EXERCISE DATA
——————

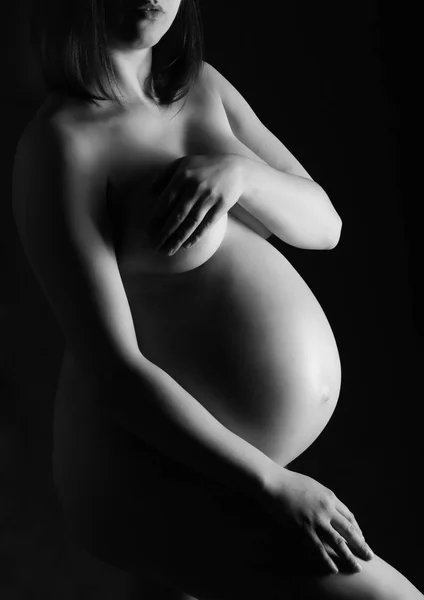 Pregnant woman, expectant mother on black background, monoshrome shoot. — Stock Photo, Image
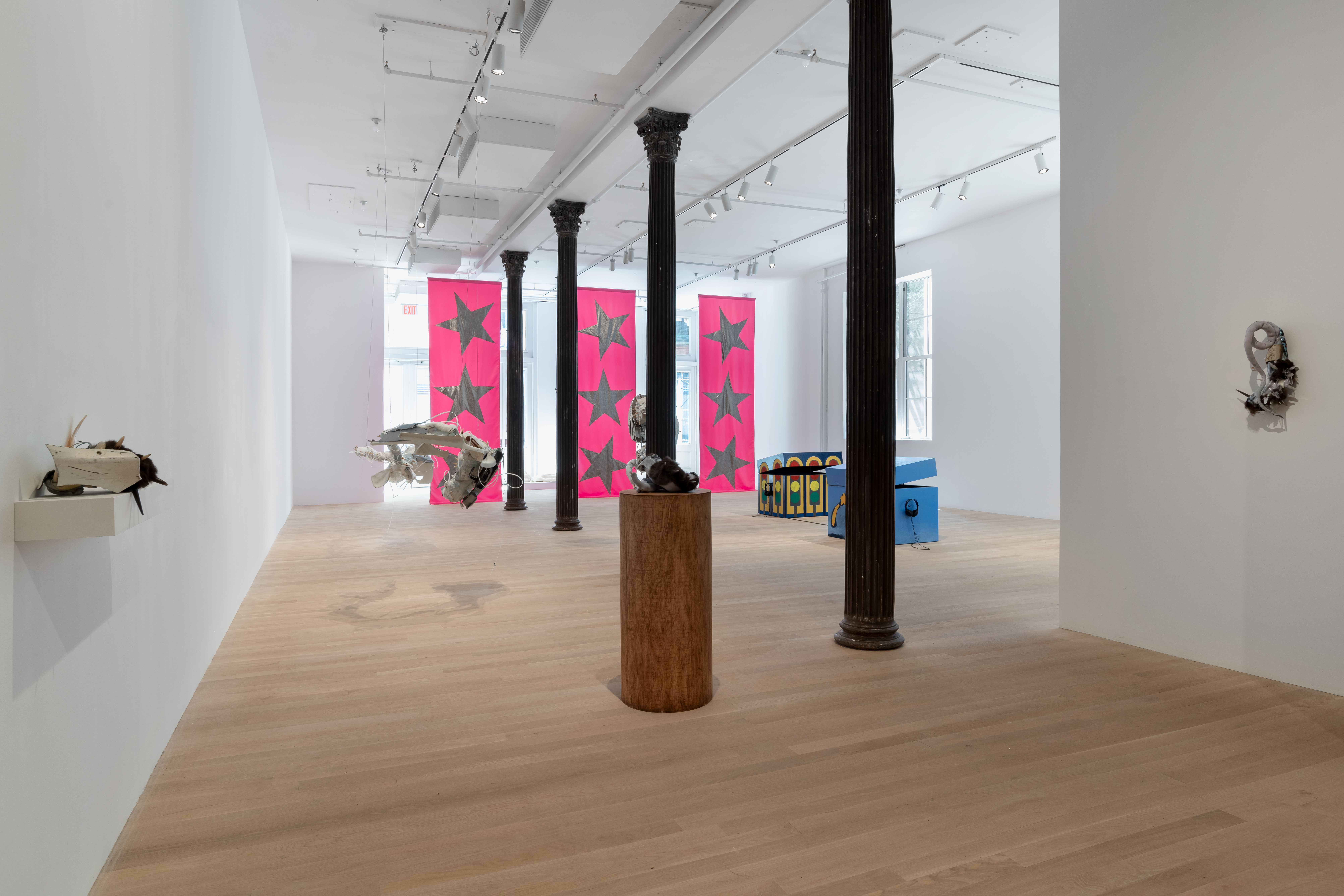 A receding row of columns lines our view into the far gallery space. In the foreground, several of Ruben Ulises Rodriguez Montoya's biomorphic sculptures are displayed on walls, resting on a pedestal, or hanging from the ceiling. In the distance, two of Matthew Langan-Peck's monumental painted toy box sculptures sit on the gallery floor; a set of headphones hangs on the side of each box. In the background, Isabelle Frances McGuire's three large pink banners emblazoned with silver stars hang from ceiling to floor.
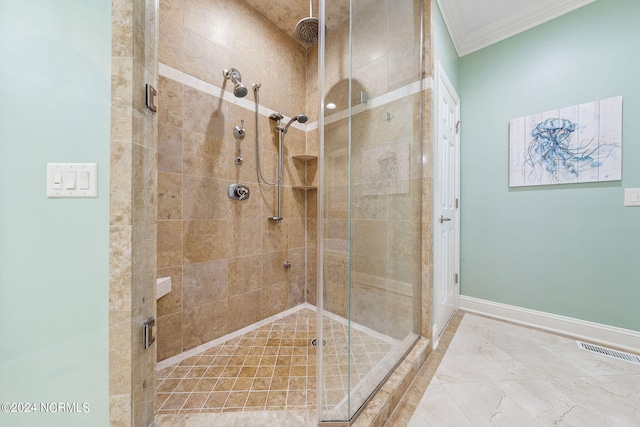 bathroom featuring crown molding and a shower with shower door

——————

TASK TO CARRY OUT
Please give back the material above exactly as written, pictures omitted.

THE ANSWER
 Pregnant woman, expectant mother on black background, monoshrome shoot. — Stock Photo, Image
 A receding row of columns lines our view into the far gallery space. In the foreground, several of Ruben Ulises Rodriguez Montoya's biomorphic sculptures are displayed on walls, resting on a pedestal, or hanging from the ceiling. In the distance, two of Matthew Langan-Peck's monumental painted toy box sculptures sit on the gallery floor; a set of headphones hangs on the side of each box. In the background, Isabelle Frances McGuire's three large pink banners emblazoned with silver stars hang from ceiling to floor.
 bathroom featuring crown molding and a shower with shower door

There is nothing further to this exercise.